Gérard es así la alegoría del «mal» cineasta, el que impone a lo visible la ley
de su voluntad. Pero la paradoja, evidente, estriba en que ese mal cineasta se
asemeja extrañamente al bueno. Cuando su madre le pregunta qué puede ver de
bueno en Gérard, Marie responde: «¿Es que uno sabe por qué ama? Él me
dice: Ven. Yo voy. ¡Haz esto! Yo lo hago». Pero la
igualdad de tono con que la «modelo», Anne Wiazemsky, dice esas palabras acusa
el parentesco entre el poder del cazador Gérard y el del director Bresson. Este
último también les dice a sus modelos: Di esto, y ellos lo
dicen. Haz esto, y ellos lo hacen. La diferencia, se nos dirá, es
que, haciendo lo que quiere Bresson, Anne Wiazemsky hace también algo más,
produce una verdad inesperada que contraría a Bresson. Y la puesta en escena
que Bresson hace de las trampas del director Gérard debe marcar la diferencia
entre las dos «puestas en escena». Esa diferencia, sin embargo, se juega
siempre en el límite de lo indiscernible. Bresson, nos dice Deleuze, construye
espacios «hápticos», conectados a mano. De este modo designa la fragmentación
de planos característica del cine de Bresson. Deleuze quiere ver en ese cine el
poder del intersticio que separa los planos e intercala el vacío entre éstos,
contra el poder de los encadenamientos «sensoriomotores». Pero esa oposición
entre dos lógicas contrarias es casi indiscernible en la práctica. Bresson
emplea planos visualmente fragmentados y raccords que
constituyen elipsis. Una y otra vez nos muestra partes del cuerpo: manos que
tocan un vientre de asno, brazos que hacen el gesto de bautizarlo, una mano que
derrama un bidón de aceite, la misma mano que avanza en la sombra hacia una
mano plantada en la luz. Pero la fragmentación de los cuerpos y de los planos
es en sí misma un proceso ambivalente. Deleuze ve en ella la infinitización del
intervalo que desorienta los espacios y separa las imágenes. Pero del mismo
modo podríamos ver en ella lo contrario. La fragmentación es un medio de
intensificar la coordinación visual y dramática: tomamos las cosas con las
manos, y por tanto no hace falta representar el cuerpo entero. Andamos con los
pies, por tanto es inútil representar las cabezas. El plano fragmentado también
es un procedimiento económico para centrar la acción en lo esencial, eso que
las teorías clásicas de la pintura llamaron momento pregnante de la historia. La
mano de Gérard puede ser reducida a una minúscula sombra negra que sólo toca la
forma blanca a que se reduce la mano de María. Pero esa fragmentación no hace
sino acentuar la «coordinación» implacable de su acoso y del filme que lo
escenifica. Toda la película funciona así según una diferencia casi
indiscernible entre la puesta en escena del cazador voluntario y la del
cineasta de lo involuntario.
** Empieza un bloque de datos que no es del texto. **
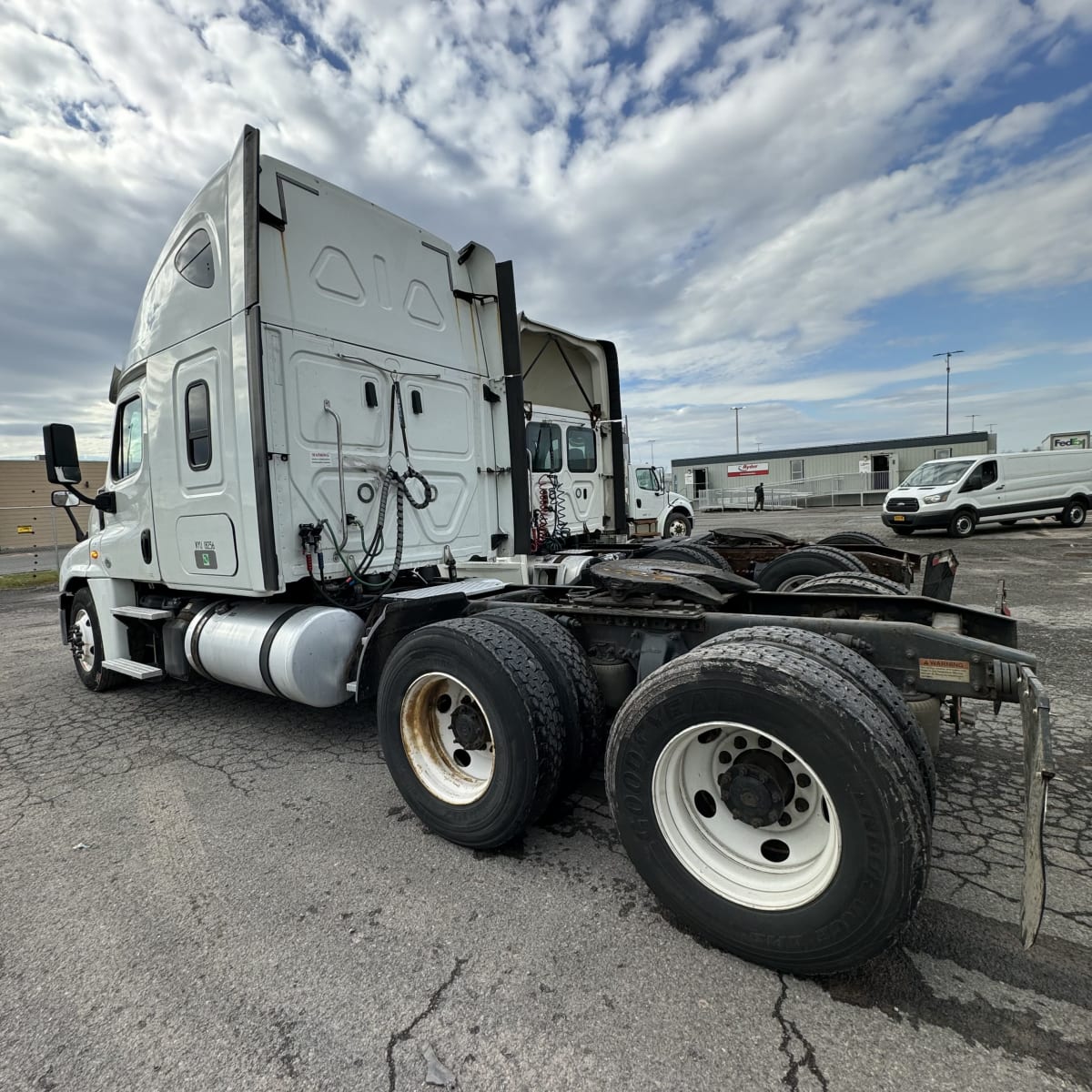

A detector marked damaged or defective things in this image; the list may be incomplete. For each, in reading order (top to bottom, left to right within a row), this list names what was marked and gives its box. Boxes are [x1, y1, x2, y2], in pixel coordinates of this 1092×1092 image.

cracked pavement [0, 511, 1087, 1092]
pavement crack [386, 956, 467, 1092]
pavement crack [777, 974, 825, 1092]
Desde el punto de vista deleuziano, ello también
significa una cuasi-indiscernibilidad entre una lógica de la imagen-movimiento
y una lógica de la imagen-tiempo, entre el montaje que orienta los espacios
según el esquema «sensoriomotor» y el que los desorienta para que el producto
del pensamiento consciente tenga idéntico poder al libre despliegue de
potencialidades de las imágenes-mundo. La cinematografía de Bresson y la teoría
deleuziana ponen de manifiesto la dialéctica constitutiva del cine, entendido
como el arte que cumple esa identidad primordial entre pensamiento y
no-pensamiento definitoria de la imagen moderna del arte y el pensamiento. Pero
también es el arte que invierte el sentido de esa identidad para reinstaurar el
cerebro humano en su pretensión de convertirse en centro del mundo y poner las
cosas a su disposición. Esta dialéctica fragiliza de entrada toda voluntad de
distinguir mediante rasgos discriminantes dos tipos de imágenes y así fijar la
frontera que separa un cine clásico de un cine moderno.